Monday, 6 February 2017

COLLEGE ESSAYS Compare and contrast two psychological approaches/perspectives - Behaviourism & Psychodynamics

There are many different approaches/perspectives in psychology. The two that will be analysed in this essay are behaviourism and psychodynamics. These two approaches take virtually opposing perspectives in their approach to psychology.

The aim of the essay is to look at the similarities and differences between these two approaches by way of a concept map.

Behaviourism is: an approach to psychology that accounts for behaviour in terms of observable events without reference to mental concepts such as ‘mind’ or ‘emotion’. (Cardwell 1996)

Psychodynamics (dynamic psychology) is the dynamic interplay of psychological process and phenomena arising from instincts that facilitate, inhibit and combine with one another, or produce compromise formations. (Coleman, 2001)

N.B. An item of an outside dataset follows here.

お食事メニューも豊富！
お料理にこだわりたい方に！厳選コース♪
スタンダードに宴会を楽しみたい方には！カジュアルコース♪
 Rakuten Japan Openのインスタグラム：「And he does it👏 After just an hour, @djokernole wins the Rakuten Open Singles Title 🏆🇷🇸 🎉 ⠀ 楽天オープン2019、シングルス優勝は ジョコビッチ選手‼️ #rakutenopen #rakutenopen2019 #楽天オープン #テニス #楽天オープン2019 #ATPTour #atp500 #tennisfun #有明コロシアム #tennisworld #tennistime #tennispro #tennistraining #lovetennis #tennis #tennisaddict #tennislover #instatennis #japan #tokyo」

The concept map below illustrates the similarities and differences between the two.


From the concept map, you can clearly see that there are a lot of differences, most of which are completely opposite. However, there are some similarities.

Both theories are considered to be deterministic theories. A deterministic theory believes that our lives are already mapped out and we are simply taking a road we were put upon. This is to say that the outcome of our lives has already been decided and we simply have to choose which path to take.

Both theories are also considered to be reductionist theories. A reductionist theory believes that we can understand the nature of complex things by reducing them to the interactions of their parts. It could almost be seen as a jigsaw puzzle. Our minds are made up of smaller pieces which when put together make something complete and complex.

Both behaviourism and psychodynamics have opened up the world of psychology and given us a lot to consider when trying to figure out the inner workings of the mind.

Behaviourism specifically shows us that it is not only ‘human minds’ that can be figured out.
Both theories are still widely used today to some extent and a lot of research carried out now is based on or linked back to these theories.


Cardwell, M (1996) Complete A-Z Psychology Handbook, Hodder and Stoughton, London

Coleman, A (2001) Oxford Dictionary of Psychology, Oxford University Press Inc., New York

Gross, R. Sixth Edition (2010) Psychology The Science of Mind and Behaviour, Hodder Education, London.